I guess the honest answer is no! I walked in there with no idea what was needed to make a translation of a game! A lot of us back then had to learn as we went along. There were no sources of information, generic script dumpers or table generators. We had to build the translation tools ourselves, and so I, and I guess others, built up a knowledge of what was needed in translations by doing.
What problems did you encounter during the Front Mission project? And what did you do to correct them?
Quite a lot!!!
Technical problems: Front Mission along with later Square games such as Seiken Densetsu 3 was a different breed of program than its predecessors, and trying to understand the program solely through disassembled output was nigh on impossible! Then I learned of emulators having Trace facilities and that helped! ^_^
Translators/translations: we lacked these for FM for the longest time. I guess the solution came in the form of Akujin and Hojo.
The script: The Front Mission script contains action, suspense, sadness, humor, plus a diversity of characters. The translation from Japanese to English, without context or a given continuity, flattened elements of the script. It was down to Akujin, David Mullen, Shih Tzu and I to go over every piece of text to really do justice to this story; so much so, that the entire script had completely changed once we'd each been over it 5 times! We even had a US Military Dictionary of Terms and used it to shape a lot of the military language, i.e.: “Hindering our Air Offensive”, “Avenue of Approach”, “Advance to Contact”, etc. I certainly felt we should stay away from the All Ages grammar level evident in a lot of official SNES translations.
Text Display: We added a Variable Width Font display to the game, plus Dynamic Font Wrapping which works in much the same way as Word Processor would do in wrapping text to the next line. This supported substrings of varying length. It was a pain to get working and I'd never do it to that extent again!!
What influenced your decision to work on Alcahest?
Again, it was a game I had completed and always liked. I always found Jun Ishikawa's music a pleasure to listen to!
Did you do anything special to prepare yourself for Alcahest?
Nothing really special, I guess. I adapted the tools I had done for Front Mission over to Alcahest.
What problems did you encounter during the Alcahest project? And what did you do to correct them?
I guess one was that Alcahest didn't use a table of pointers, but the solution to getting a script dump was - err.. novel! =P Another problem would be the password system and the ending going out of sync at a particular point. Those haven't been fixed yet.
Overall, do you think working on Front Mission and Alcahest was worth all the hard work you put into them?
Yes, definitely. I'm as much a fan as anyone, so seeing these games in English is great!
Have you participated in any other translation project besides Front Mission, Alcahest, and Papuya?

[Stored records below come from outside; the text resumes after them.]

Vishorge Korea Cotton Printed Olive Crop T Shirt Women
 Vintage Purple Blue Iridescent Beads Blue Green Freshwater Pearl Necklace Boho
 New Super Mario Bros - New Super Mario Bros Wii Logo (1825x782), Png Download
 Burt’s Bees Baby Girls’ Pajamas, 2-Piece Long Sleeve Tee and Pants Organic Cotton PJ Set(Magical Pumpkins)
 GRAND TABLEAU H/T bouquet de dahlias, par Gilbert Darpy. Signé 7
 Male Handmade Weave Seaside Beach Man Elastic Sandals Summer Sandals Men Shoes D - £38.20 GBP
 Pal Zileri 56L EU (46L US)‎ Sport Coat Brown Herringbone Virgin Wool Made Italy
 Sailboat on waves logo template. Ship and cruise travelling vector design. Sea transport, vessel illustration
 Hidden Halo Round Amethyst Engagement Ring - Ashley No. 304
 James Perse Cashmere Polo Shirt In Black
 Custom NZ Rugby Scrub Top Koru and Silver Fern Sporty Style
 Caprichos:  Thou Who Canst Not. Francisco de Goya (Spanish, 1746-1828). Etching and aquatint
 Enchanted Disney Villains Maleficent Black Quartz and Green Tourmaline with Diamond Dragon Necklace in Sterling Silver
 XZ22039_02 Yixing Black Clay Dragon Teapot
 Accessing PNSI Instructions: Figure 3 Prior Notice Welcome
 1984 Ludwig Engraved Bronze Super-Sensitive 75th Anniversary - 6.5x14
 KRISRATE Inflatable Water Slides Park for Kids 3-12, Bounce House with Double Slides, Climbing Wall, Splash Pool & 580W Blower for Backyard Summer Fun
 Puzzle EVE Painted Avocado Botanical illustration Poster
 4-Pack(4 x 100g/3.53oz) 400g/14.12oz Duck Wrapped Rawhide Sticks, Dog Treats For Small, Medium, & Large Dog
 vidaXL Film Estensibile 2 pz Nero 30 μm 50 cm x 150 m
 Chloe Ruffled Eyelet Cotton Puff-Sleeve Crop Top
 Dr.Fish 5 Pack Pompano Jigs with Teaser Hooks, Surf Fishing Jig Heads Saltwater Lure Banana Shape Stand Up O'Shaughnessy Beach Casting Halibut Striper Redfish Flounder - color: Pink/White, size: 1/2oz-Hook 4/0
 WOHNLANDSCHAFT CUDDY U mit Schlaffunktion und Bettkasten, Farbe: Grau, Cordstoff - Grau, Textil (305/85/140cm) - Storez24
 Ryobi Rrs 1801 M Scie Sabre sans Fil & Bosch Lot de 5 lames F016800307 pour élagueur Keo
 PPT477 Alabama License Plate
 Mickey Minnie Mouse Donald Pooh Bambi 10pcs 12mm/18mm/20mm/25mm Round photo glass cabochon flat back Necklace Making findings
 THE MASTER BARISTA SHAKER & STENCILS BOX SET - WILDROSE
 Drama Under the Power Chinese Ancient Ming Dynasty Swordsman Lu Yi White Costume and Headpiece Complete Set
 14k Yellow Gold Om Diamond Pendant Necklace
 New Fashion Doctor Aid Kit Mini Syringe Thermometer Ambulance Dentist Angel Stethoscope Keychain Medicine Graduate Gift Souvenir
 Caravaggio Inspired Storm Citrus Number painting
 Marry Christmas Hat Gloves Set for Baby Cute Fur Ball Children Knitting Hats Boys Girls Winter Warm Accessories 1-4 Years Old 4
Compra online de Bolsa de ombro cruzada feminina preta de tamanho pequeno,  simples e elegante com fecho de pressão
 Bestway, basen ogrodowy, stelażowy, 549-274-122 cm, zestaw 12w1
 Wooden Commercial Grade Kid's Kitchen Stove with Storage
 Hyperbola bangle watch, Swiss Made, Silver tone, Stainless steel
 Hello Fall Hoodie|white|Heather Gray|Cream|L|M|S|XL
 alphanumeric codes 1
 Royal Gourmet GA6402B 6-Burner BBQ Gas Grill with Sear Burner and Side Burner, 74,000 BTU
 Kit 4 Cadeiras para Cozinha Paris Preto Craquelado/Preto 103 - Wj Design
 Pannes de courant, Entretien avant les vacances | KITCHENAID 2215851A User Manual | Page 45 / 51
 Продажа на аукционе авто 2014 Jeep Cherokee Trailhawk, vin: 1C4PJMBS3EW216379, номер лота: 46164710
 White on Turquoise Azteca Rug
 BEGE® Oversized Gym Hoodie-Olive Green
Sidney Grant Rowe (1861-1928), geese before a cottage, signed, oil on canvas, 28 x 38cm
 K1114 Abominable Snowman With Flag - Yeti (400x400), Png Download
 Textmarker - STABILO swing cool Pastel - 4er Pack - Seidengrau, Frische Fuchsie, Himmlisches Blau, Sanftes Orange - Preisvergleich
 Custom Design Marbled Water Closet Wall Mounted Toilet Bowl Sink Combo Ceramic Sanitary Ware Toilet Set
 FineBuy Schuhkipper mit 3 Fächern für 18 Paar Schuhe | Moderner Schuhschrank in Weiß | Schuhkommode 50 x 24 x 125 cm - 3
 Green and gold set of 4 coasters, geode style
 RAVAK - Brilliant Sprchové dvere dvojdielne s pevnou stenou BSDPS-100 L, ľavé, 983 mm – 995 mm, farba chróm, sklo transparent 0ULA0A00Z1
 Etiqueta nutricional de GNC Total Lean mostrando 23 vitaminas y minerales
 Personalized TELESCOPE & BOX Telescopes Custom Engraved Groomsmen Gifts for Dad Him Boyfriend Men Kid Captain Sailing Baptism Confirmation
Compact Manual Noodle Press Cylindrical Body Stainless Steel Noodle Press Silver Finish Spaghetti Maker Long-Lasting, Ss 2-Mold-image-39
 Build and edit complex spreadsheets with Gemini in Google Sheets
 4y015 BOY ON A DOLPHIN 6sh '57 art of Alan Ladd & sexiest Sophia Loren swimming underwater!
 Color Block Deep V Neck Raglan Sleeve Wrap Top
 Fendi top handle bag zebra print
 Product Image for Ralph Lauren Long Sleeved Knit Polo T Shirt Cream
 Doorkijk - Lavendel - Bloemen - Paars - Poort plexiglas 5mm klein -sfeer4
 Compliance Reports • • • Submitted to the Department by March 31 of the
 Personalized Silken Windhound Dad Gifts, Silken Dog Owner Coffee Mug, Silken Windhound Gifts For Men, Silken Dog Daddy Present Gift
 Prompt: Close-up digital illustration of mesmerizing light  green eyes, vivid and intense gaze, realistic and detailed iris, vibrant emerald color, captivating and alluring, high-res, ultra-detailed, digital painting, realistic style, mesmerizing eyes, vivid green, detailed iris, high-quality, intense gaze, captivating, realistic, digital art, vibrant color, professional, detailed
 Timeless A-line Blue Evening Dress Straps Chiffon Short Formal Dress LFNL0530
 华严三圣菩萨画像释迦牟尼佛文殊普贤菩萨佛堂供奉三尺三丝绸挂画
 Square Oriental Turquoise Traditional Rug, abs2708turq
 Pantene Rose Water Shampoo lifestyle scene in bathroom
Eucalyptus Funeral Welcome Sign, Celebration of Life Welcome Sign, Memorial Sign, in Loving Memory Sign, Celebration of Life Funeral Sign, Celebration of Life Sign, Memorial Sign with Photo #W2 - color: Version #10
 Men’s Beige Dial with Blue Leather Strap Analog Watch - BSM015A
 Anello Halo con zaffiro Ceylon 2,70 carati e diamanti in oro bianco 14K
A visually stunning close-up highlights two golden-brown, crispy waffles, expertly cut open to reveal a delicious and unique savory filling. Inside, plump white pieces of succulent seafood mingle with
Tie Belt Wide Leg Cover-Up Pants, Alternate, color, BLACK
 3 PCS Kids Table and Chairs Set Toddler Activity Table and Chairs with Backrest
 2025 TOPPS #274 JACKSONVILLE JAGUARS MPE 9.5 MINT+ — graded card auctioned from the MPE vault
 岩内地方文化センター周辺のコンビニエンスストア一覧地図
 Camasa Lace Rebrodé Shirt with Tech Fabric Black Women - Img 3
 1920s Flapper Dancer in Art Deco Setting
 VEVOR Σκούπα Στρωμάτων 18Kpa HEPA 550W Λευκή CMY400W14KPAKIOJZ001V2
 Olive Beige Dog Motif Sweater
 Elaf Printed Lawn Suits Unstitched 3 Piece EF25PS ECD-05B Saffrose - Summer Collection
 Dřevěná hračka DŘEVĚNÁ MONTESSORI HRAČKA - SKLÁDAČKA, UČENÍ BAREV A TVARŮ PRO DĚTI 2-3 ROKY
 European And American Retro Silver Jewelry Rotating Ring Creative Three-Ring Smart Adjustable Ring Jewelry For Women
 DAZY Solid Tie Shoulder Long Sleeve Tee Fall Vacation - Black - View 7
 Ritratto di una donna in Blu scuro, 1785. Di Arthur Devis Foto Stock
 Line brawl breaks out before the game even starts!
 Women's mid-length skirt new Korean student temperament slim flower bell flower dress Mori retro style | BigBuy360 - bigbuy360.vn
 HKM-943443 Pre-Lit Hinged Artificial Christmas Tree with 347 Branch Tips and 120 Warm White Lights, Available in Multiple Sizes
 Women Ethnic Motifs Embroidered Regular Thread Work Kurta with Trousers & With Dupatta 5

I did make a translation document for “Record of the Lodoss War”, which was picked up and used by Lina Chan's translation. I did offer some help into Shadow's “Ranma 1/2” and “Gulliver Boy”, but I'm not sure what happened to them. I did look into “Front Mission: Gun Hazard” for RPGe, though they disbanded I believe Gideon Zhi and Akujin are doing quite well with their own translation of it. I also have offered a fresh pair of eyes to DarkForce on some of his projects and likewise, he'll do the same for me. It's good to know we have someone to scream at if we get stuck! I'm also actively involved in the “Romancing Saga 1” translation.
Do you plan to continue working on translation projects? Knowing what you went through to get the Front Mission project completed, do you think you can handle working on another big RPG title?
To be honest, I'm not sure. We'll see what the future holds!
I would like to close the interview with this last question. What gave you and continues to give you the will and enthusiasm to keep you going with translation projects? Do you have a personal goal or mission?
I guess because there is an enjoyment in it for me, plus working with people who share the same goal of seeing these games translated! And also it's the players and fans of these games that have kept us going with their support they make it all worthwhile!